View attachment 1340054159293.jpg


View attachment 1340049887459.jpg


View attachment 1340049856099.jpg


----------



## havasu (Jun 19, 2012)

Using a good quality tape, tape off the walls and the edges of the floor. I applied the tape directly in the center of where the garage door falls, so there is no sign of the epoxy on the floor when the garage doors are shut. 

View attachment 1340054168902.jpg


----------



## havasu (Jun 19, 2012)

Mix your part "A" with part "B" epoxy, making sure you know the outside temperature. The directions will tell you how many minutes to wait after mixing. Our outside temperature was 77 degrees, and the directions said to wait 10 minutes, then paint the edges (they allow five minutes to complete the edge painting) and begin rolling the floor 15 minutes after mixing. Since this kit allows coverage for a 2 1/2 car garage, spread evenly and you should be done with 1/2 of the garage when your first gallon runs out. 

View attachment 1340058172794.jpg


View attachment 1340058187229.jpg


----------



## havasu (Jun 19, 2012)

While the paint is still wet, spread the paint chips (optional) after completing an area, making sure you still have access to hand spread the paint chips after rolling an area. 

View attachment 1340058160478.jpg


----------



## havasu (Jun 19, 2012)

Mix up your second batch of epoxy, again making sure of the temperature, and finish the job. Keep in mind, if you pull your tape as you go, it is easy to come off and will not stick in the hardened epoxy. 

View attachment 1340058321582.jpg


----------



## havasu (Jun 19, 2012)

Lastly, the most important tip....never paint an area where you still have a cold beer placed because you will never reach it until the paint dries! 

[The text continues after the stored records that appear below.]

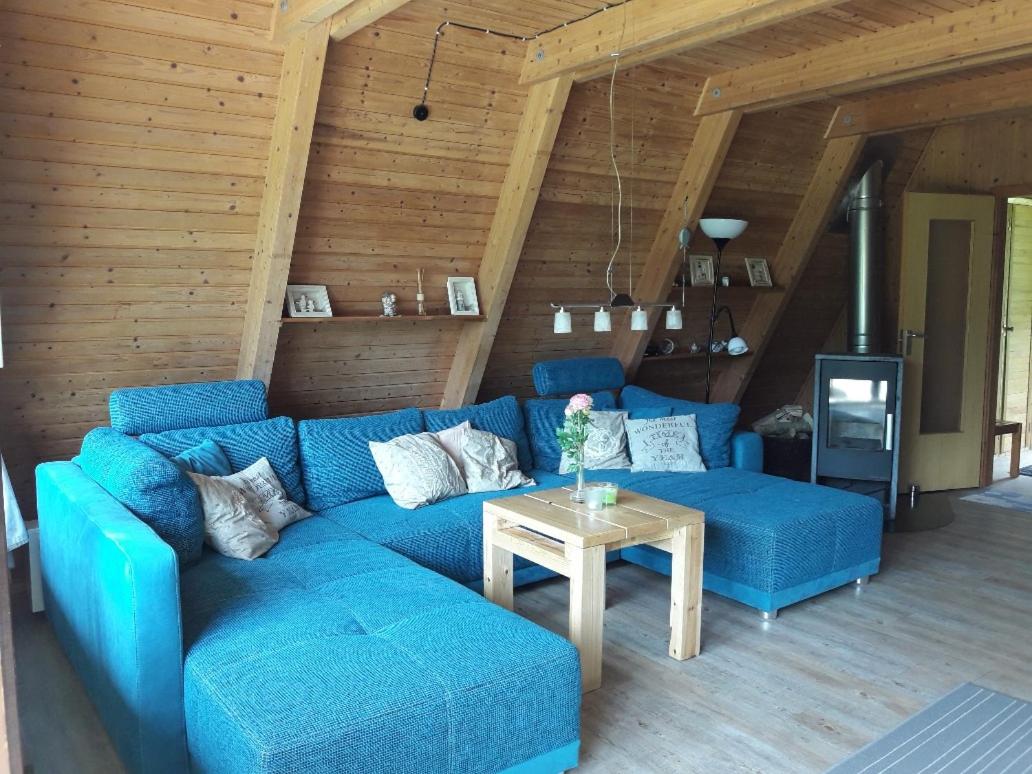 Ur b a n ' s Ferienhaus im Ostseebad D a m p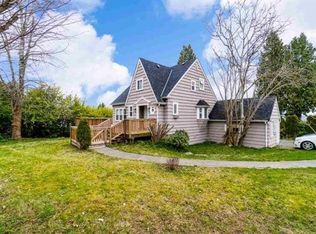 7725 Berkley St, Burnaby, BC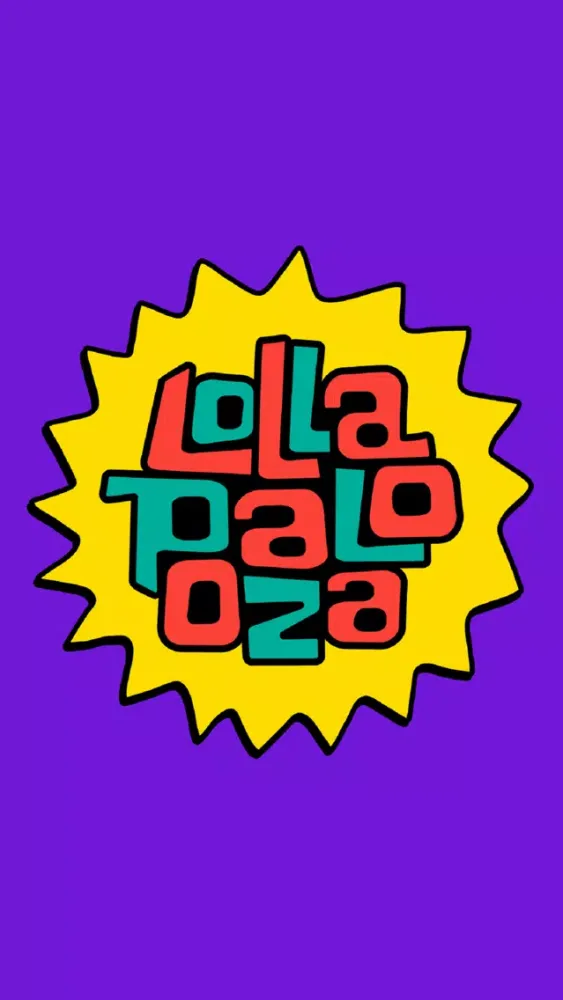 Screenshot di Lollapalooza Berlin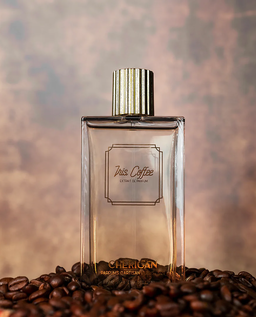 Woda perfumowana Iris Cofee EXT 100ml - Image #1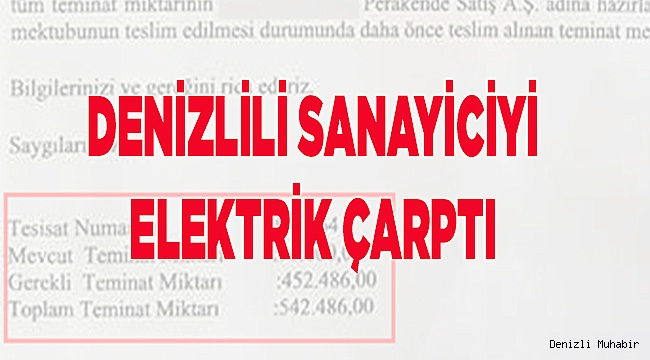 Deli Dumrul Vergisi mi?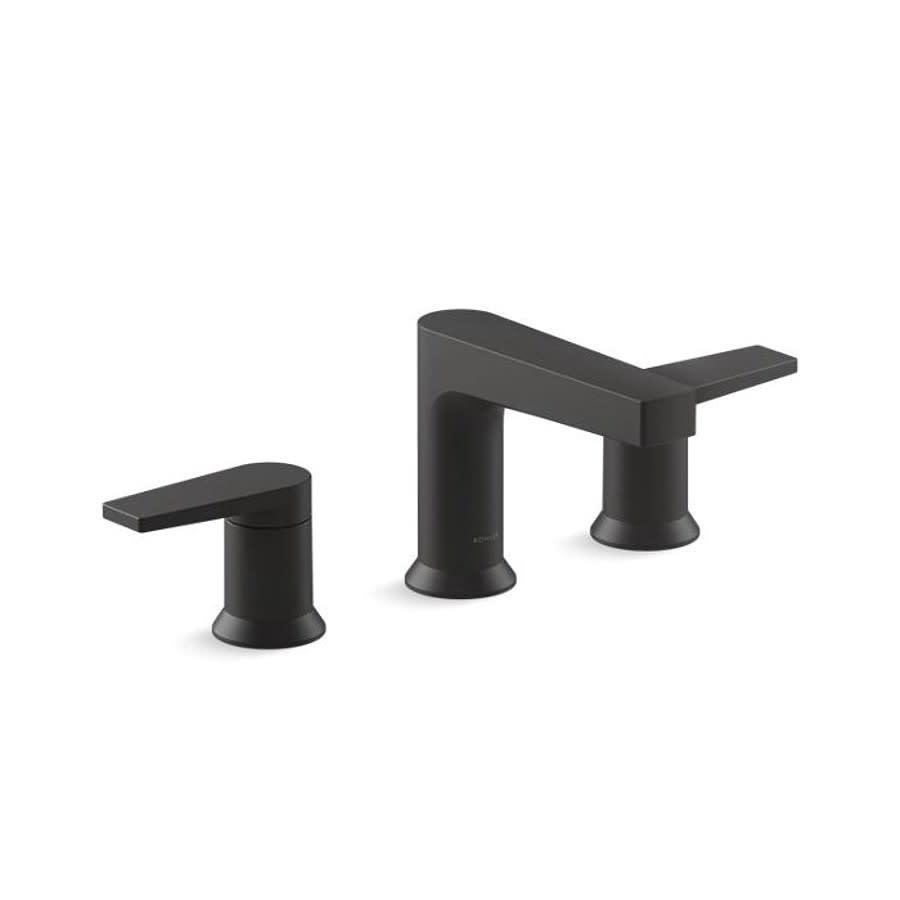 Taut™ Widespread Lavatory Faucet, ADA, 2 Handle, 3-Hole, 1.2 gpm, Matte Black - yowufw99ovg2d4hoxi4c_800x500@2x.jpg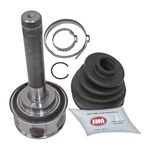 Junta Homocinética Fixa do Toyota Hilux - IMA AL-1167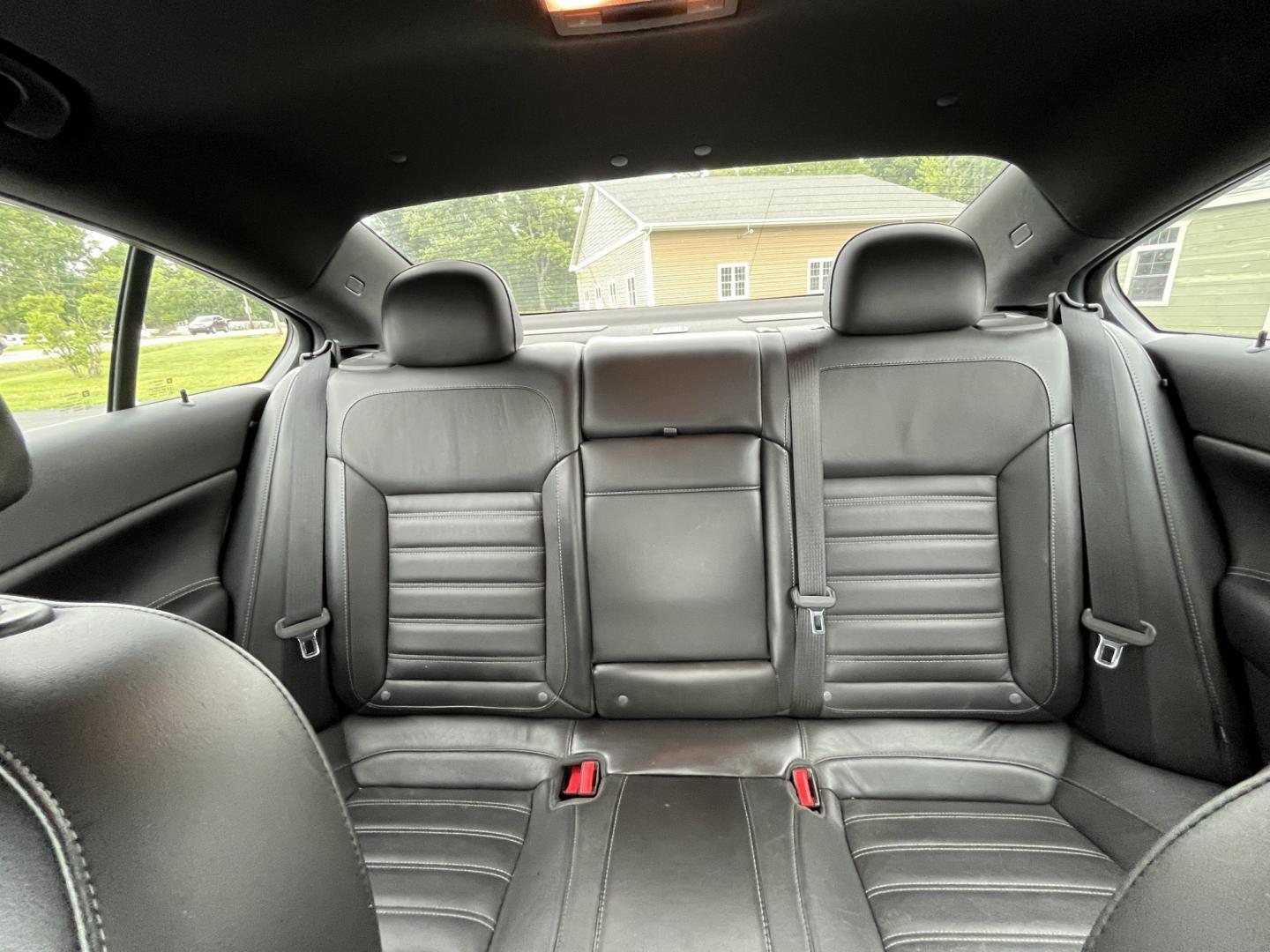 2016 Red /Black Buick Regal GS (2G4GU5GX1G9) with an 2.0L I4 DOHC 16V TURBO engine, Automatic transmission, located at 11115 Chardon Rd. , Chardon, OH, 44024, (440) 214-9705, 41.580246, -81.241943 - 2016 Buick Regal GS – Sporty Turbo Performance with Premium Features and Aggressive Styling! This 2016 Buick Regal GS is a sharp, performance-oriented sedan that delivers strong acceleration and upscale comfort in one sleek package. Powered by a responsive 2.0L Turbocharged EcoTec I4 engine paire- Photo#27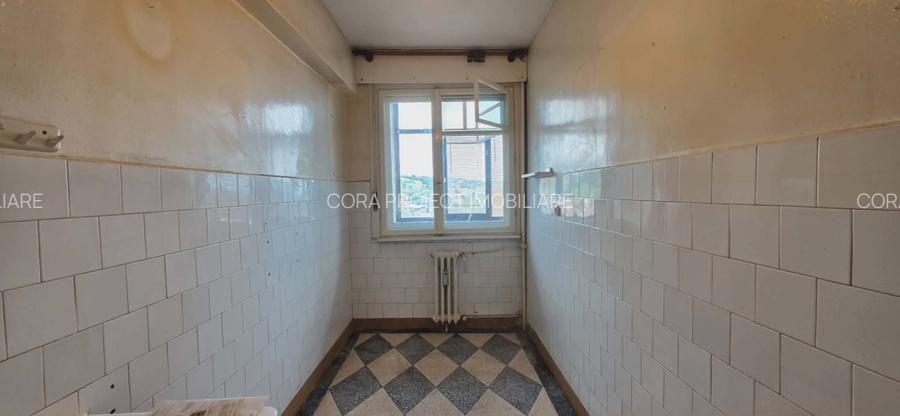 Ap 3 cam central de vânzare, blvd Magheru colț Parcul Traian -AP1514 - 17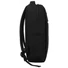 Kép 3/10 - Peterson Hátizsák - Ptn 32701-6571 Black - Fekete - 44 X 28 X 13 Cm -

View attachment 1340058266619.jpg


----------



## havasu (Jun 20, 2012)

Here is the finished job. The floor is still tacky the next morning and the company recommends 24 hours before walking on it, and 3 days minimum before driving on it. As the floor completely dries, the colors will all blend perfectly, and you can blow off the un-stuck paint chips. Since this application was for a mountain house where two persons had slipped in the garage and broke a shoulder and arm, we also added a bag of optional silica sand into the epoxy mix and it was rolled with short backwards strokes to allow the nap of the roller to pick up the epoxy for the best traction possible. 

View attachment 1340062743569.jpg


View attachment 1340062757715.jpg


View attachment 1340133083716.jpg


View attachment 1340133074368.jpg


----------



## oldognewtrick (Jun 20, 2012)

Wow, nice job! What a difference it made.


----------



## Chris (Jun 20, 2012)

Looks good, you want to come by and redo my garage?


----------